The results highlight not only the importance of carbon awareness as a business strategy for polluting firms, but also its importance to lenders exposed to their clients’ default and reputational risk. The debt market appears to incorporate historical carbon emissions and forward-looking indicators of carbon performance.
Juhyun Jung, Kathleen Herbohn and Peter Clarkson. 2018. Carbon Risk, Carbon Risk Awareness and the Cost of Debt Financing.
Journal of Business Ethics, 150(4), 1151–1171.
Environmental reporting through an ethical looking glass
This paper adopts the lens of environmental ethics to explore whether there is a disparity between the ethical approaches of a company in comparison to those expressed by stakeholders in relation to environmental issues, specifically those communicated through the corporate environmental report.

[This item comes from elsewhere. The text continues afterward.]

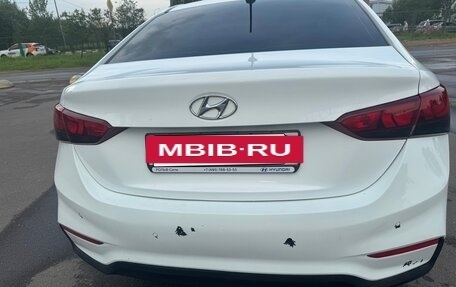 Hyundai Solaris II рестайлинг, 2019 год, 900 000 рублей, 4 фотография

Discourse analysis is adopted to explore the environmental section of the sustainability reports of the case study company as compared to the responses of a sample of the company’s stakeholders, using the lens of three branches of environmental ethics: utilitarianism, deontology and virtue ethics.

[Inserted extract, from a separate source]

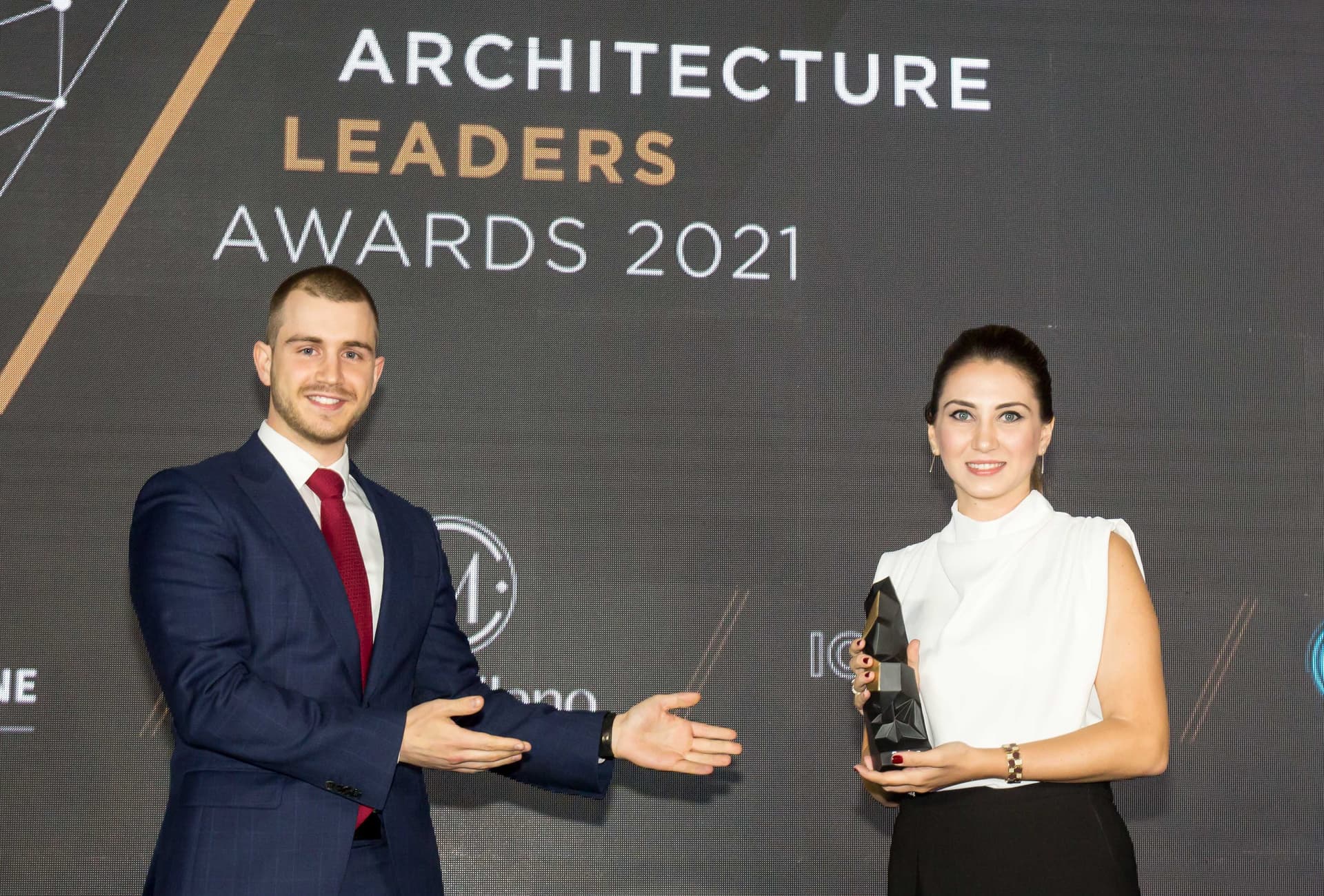 İTÜ Mezunu Mimar Dilara Ajun'a Dubai'de Yılın Genç Yeteneği Ödülü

Results indicate that the ethical approaches expressed in the case study company’s environmental reports were grounded in utilitarianism and deontology, in contrast to a virtue ethics approach expressed by external stakeholders. The disparity widened as the relationship between the company and the stakeholder became less direct.

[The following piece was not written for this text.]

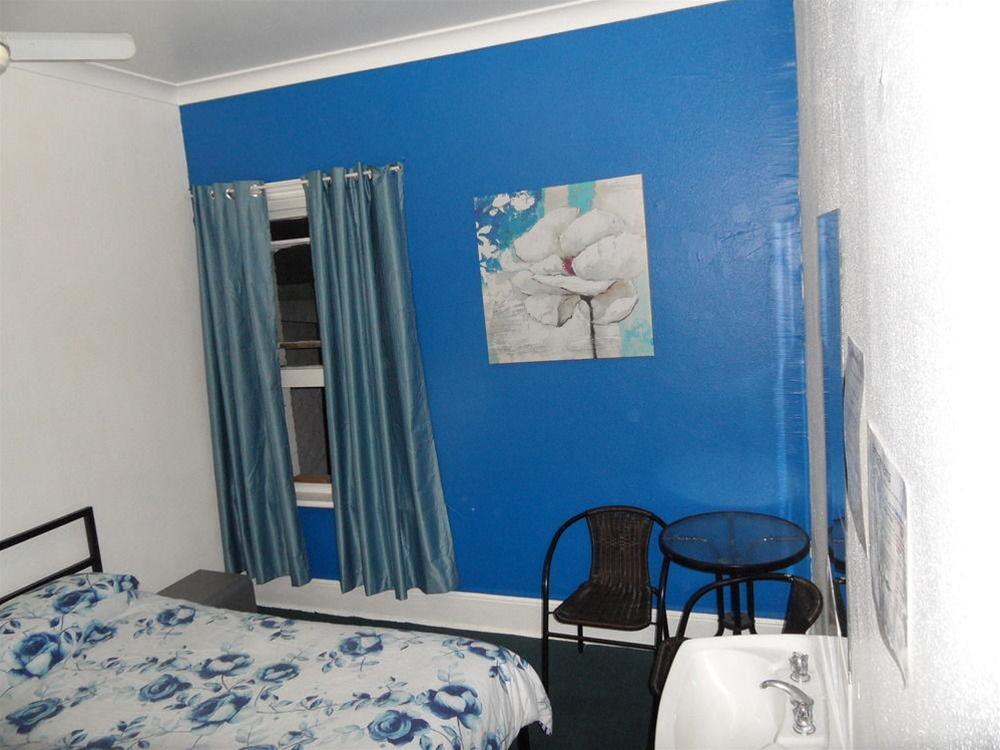 Adelaide Travellers Inn Backpackers Hostel by null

This disparity signals a failure to meet one of the primary purposes for preparing sustainability reports: to engage with stakeholders. As such this research contributes to the literature by identifying a disparity in the how this information is communicated compared with how it is perceived by stakeholders. This has important implications for the success of current stakeholder engagement practices.
Leanne Morrison, Trevor Wilmshurst and Sonia Shimeld. 2018. Environmental Reporting Through an Ethical Looking Glass.
Journal of Business Ethics, 150(4), 903–918.
Koranic ethics for environmental responsibility in business practice
Despite the growing interest in examining the role of religious beliefs as a guide towards environmental conscious actions, there is still a lack of research informed by an analysis of divine messages. This deficiency includes the extent to which ethics for environmental responsibility are promoted within textual divine messages; types of environmental themes promoted within the text of divine messages; and implications of such religious environmental ethics for business practice.
The present study attempts to fill this gap by conducting a thorough content analysis of environmental themes within the divine message of Muslims (the Qur’an) focusing on their related ethical aspects and business implications. The analysis has revealed 675 verses in 84 chapters throughout all 30 parts of the Qur’an, with environmental content relating to the core components of the natural world, i.e. human beings, water, air, land, plants, animals, and other natural resources.
This environmental content and its related ethics are grounded on the belief that humans are vicegerents of God on the earth and their behaviours and actions are motivated by earthly and heavenly rewards. Implications of these findings for different sectors/businesses are also highlighted.
Akrum Helfaya, Amr Kotb and Rasha Hanafi. 2018. Qur’anic Ethics for Environmental Responsibility: Implications for Business Practice.
Journal of Business Ethics, 150(4), 1105–1128.